The applicant, born in 1953, is an Austrian national resident in
Lustenau. In the proceedings before the Commission he is represented
by Mr. W. Weh, a lawyer practising in Bregenz.
A. The particular circumstances of the case
On 30 March 1989, in the late afternoon, a fire broke out on the
ground floor of a house belonging to the applicant, in which he was,
however, not living. It was extinguished by the fire-brigade. Fire
broke out a second time, again on the ground floor of the house, in the
evening of the same day and was again put out by the fire-brigade. In
the early hours of 2 April 1989 a fire, which had broken out in the
bed-room of the first floor, destroyed the house completely.

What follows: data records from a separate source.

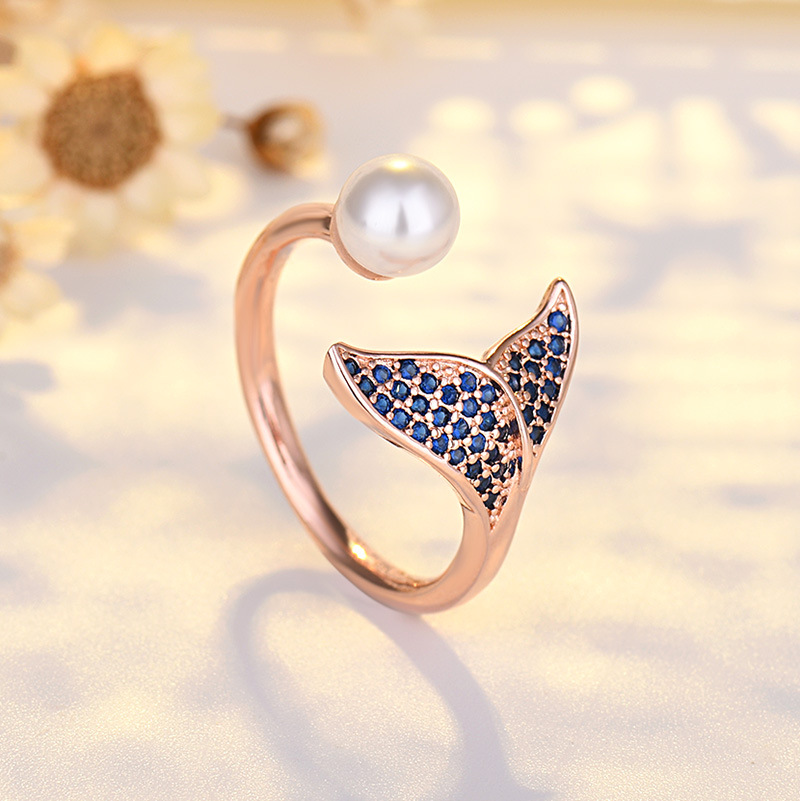 3:Fishtail Ring Blue Diamond (Rose gold)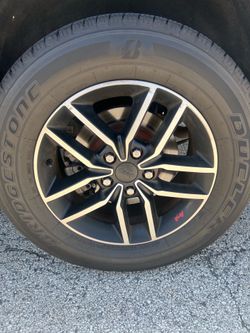 18inch jeep grand Cherokee rims and tires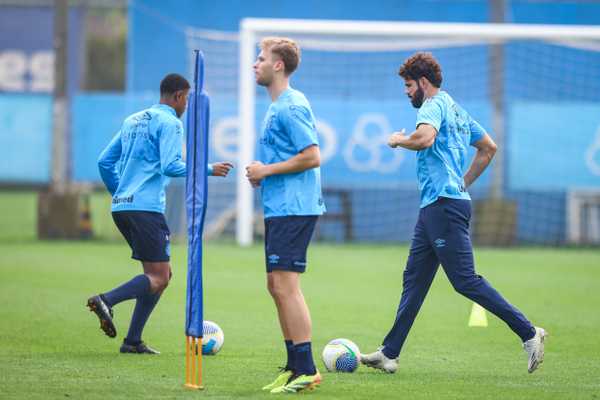Grêmio confirma presença de Diego Costa e Rodrigo Caio em torneio estadual sub-20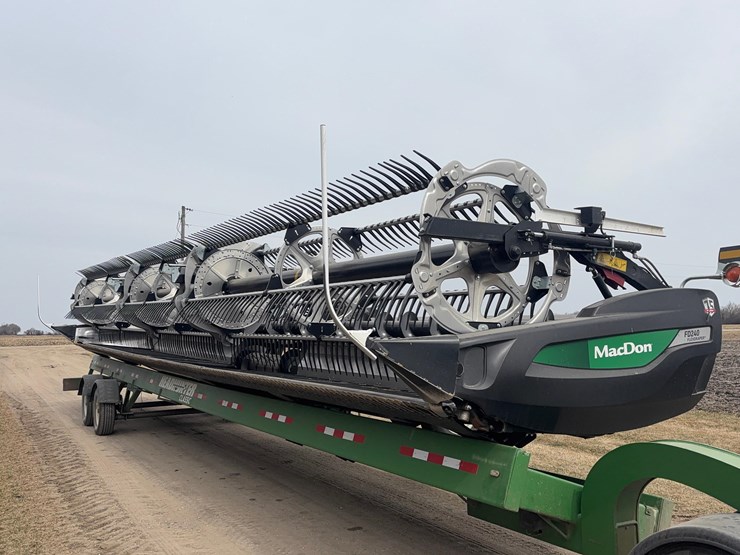 2024-mac-don-fd240-image-4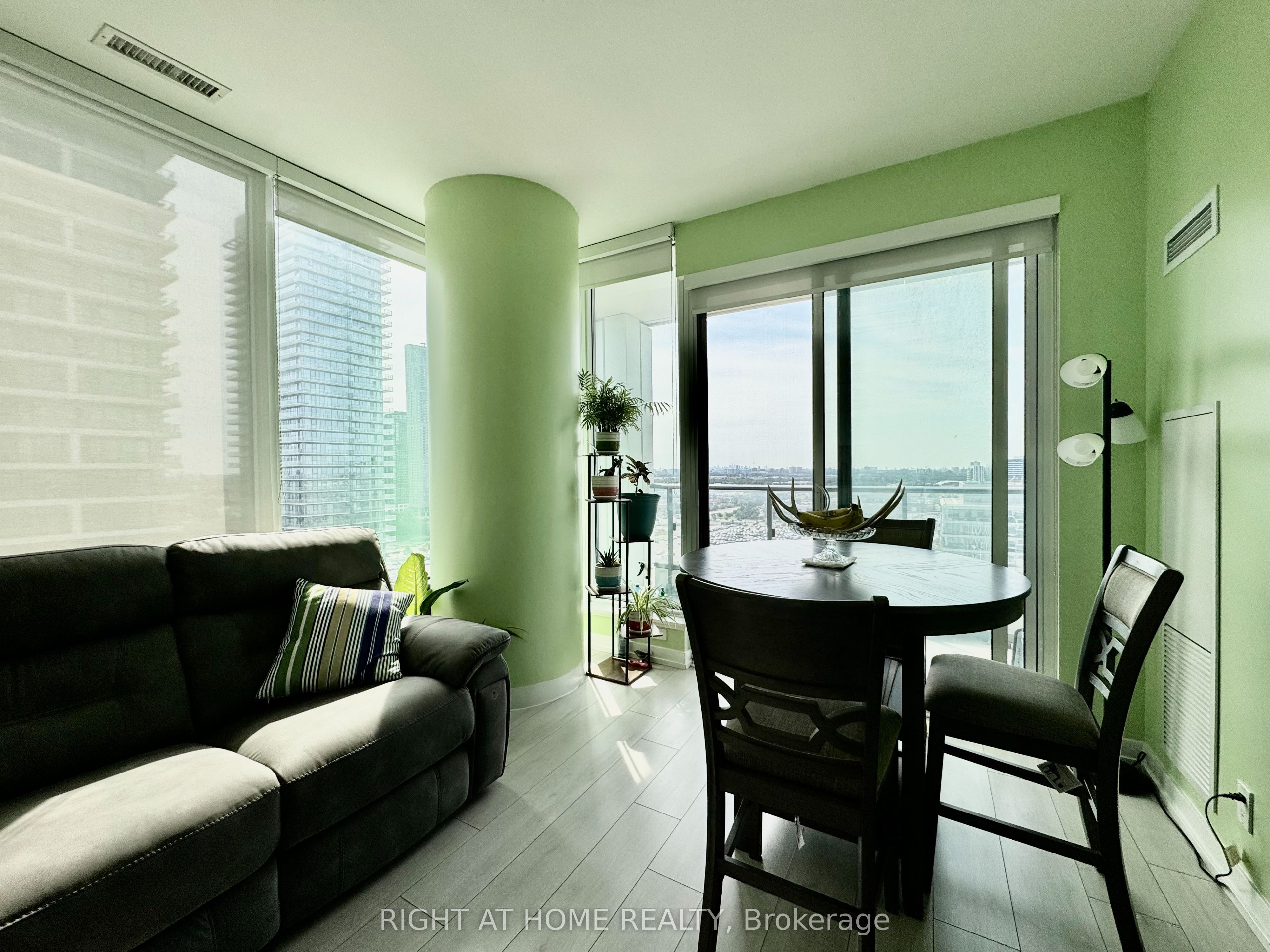 898 Portage Parkway 1903, Vaughan, ON L4K 0J6 photo 3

Subsequently, investigations concerning the suspicion of arson
were carried out by the Criminal Department of the Vorarlberg Regional
Police (Landesgendarmeriekommando). According to the applicant, police
officer F., when questioning his neighbours, told them that he, the
applicant, had suspected them of having set fire to his house. Six
months after the fire, the applicant, allegedly with the permission of
the Criminal Department demolished the ruins of his house, assuming
that there would be no criminal proceedings against him. On 19 December
1989 the applicant complained to the Vorarlberg Public Security
Authority (Sicherheitsdirektion) that the Criminal Department had not
informed the Public Prosecutor's Office (Staatsanwaltschaft) of the
proceedings.
On 15 October 1991 the Feldkirch Regional Court (Landesgericht)
convicted the applicant of arson (Brandstiftung) and attempted fraud
and sentenced him to eighteen months imprisonment, of which twelve
months were suspended on probation. In these and the following
proceedings the applicant was represented by counsel.
On 3 March 1992 the Supreme Court (Oberster Gerichtshof) quashed
this judgment and referred the case back for rehearing.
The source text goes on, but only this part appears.